It’s understandable when considering further data revealed by the study that suggests women who do own STEM businesses report experiencing significantly greater challenges than men. Much of this relates to achieving that all-important work-life balance, with 65% of women saying they struggle with it, compared to just 48% of men. Additionally, 63% of women say they’ve faced obstacles accessing capital for STEM businesses, versus just 40% for men, and 61% of women feel their services are undervalued by customers, while this is only reported by 41% of male entrepreneurs in STEM.
Most commonly, we’re seeing younger women enter STEM fields, with 59% of female entrepreneurs under the age of 45 versus 42% of males of that age; and 27% of female entrepreneurs even being younger than 35. This, notes Salesforce, could be more related to generational disparities than gender, since younger women (and men) are generally more attracted to technology than older.

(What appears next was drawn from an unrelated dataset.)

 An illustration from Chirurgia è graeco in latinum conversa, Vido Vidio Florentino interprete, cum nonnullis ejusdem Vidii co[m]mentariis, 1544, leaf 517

STEM jobs are growing, and the industry has the potential to yield tremendous profits in the SMB space. But men, who tend to be more motivated by financial considerations (78%) are more often pursuing STEM-based small businesses than women, who are more motivated by having a good work-life balance (79%) than making money.

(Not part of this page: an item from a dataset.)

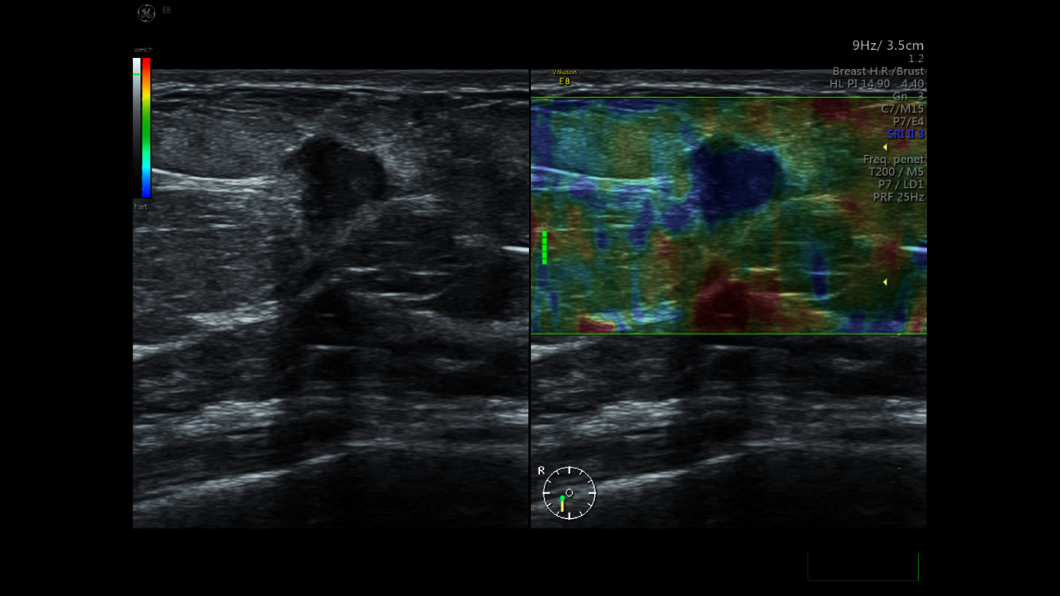 Ultraschallbild Mammasonographie mit Elastographie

But, as Salesforce notes in its report, the increase in efforts to attract women to STEM subjects and careers, along with the democratization of technology, has the ability to level the playing field. “Women and youth,” the report reads, “are poised to irrevocably alter the face of Canadian entrepreneurship in the coming years and decades.”
What SMB Women Want
As noted, women often start their own businesses so they can achieve a better work-life balance. Women are most often the primary caregivers in the home, whether they have a career or not, so female entrepreneurs are presumably looking to achieve this balance by working from home, working flexible hours, or just overall being responsible for their own schedules. Ironically, however, once women start their own businesses, they discover that successfully maintaining this balance is still one of the biggest challenges they face, cited by 52% of respondents.
Both women and men equally, however, agree that their third-largest challenge is acquiring new customers.
Many of the female SMB owners surveyed noted that they were also driven to starting their own companies in order to do more meaningful work, and to start a business “on the side.”
The five characteristics women believe are most important to successful entrepreneurship are dedication, effective planning, passion, discipline, and ambition, which is not much different than the top-five for men: dedication, discipline, ambition, passion, and effective planning. Interestingly, however, of all of the traits SMB owners of both genders were surveyed about, including being unafraid to take risks, having strong financial management, strong people skills, and sociability, the only one men placed greater emphasis on than women was competitiveness.
Helping Female SMB Owners
In order to continue the growth of female-led small businesses in Canada, women require support. Last week, the Honourable Mary Ng, Minister of Small Business and Export Promotion, announced that three women-led companies would be receiving investments under BDC Capital’s Women in Technology (WIT) Venture Fund, as part of the Government of Canada’s Women Entrepreneurship Strategy, which will include a $2 billion investment to improve women’s access to capital, advice, best practices, and targeted, gap-closing support. The businesses that received funding include Fredericton, NB-based AI company Eigen Innovations, Vancouver, BC-based software company Beanworks, and Kiite, a company that has built an intelligent sales coach, and is based in Waterloo, one of Canada’s tech hubs.
“With women starting close to half of all new businesses in Canada,” said Prime Minister Justin Trudeau in a statement during Small Business Week, we also know women’s success is vital to growing our economy and creating new jobs.”
Women-led businesses, and particularly those led by young women under the age of 45, are booming. The possibilities are endless, and if the trend continues, we could be on track to seeing female-led small companies account for half of all SMBs in Canada as we approach a new decade.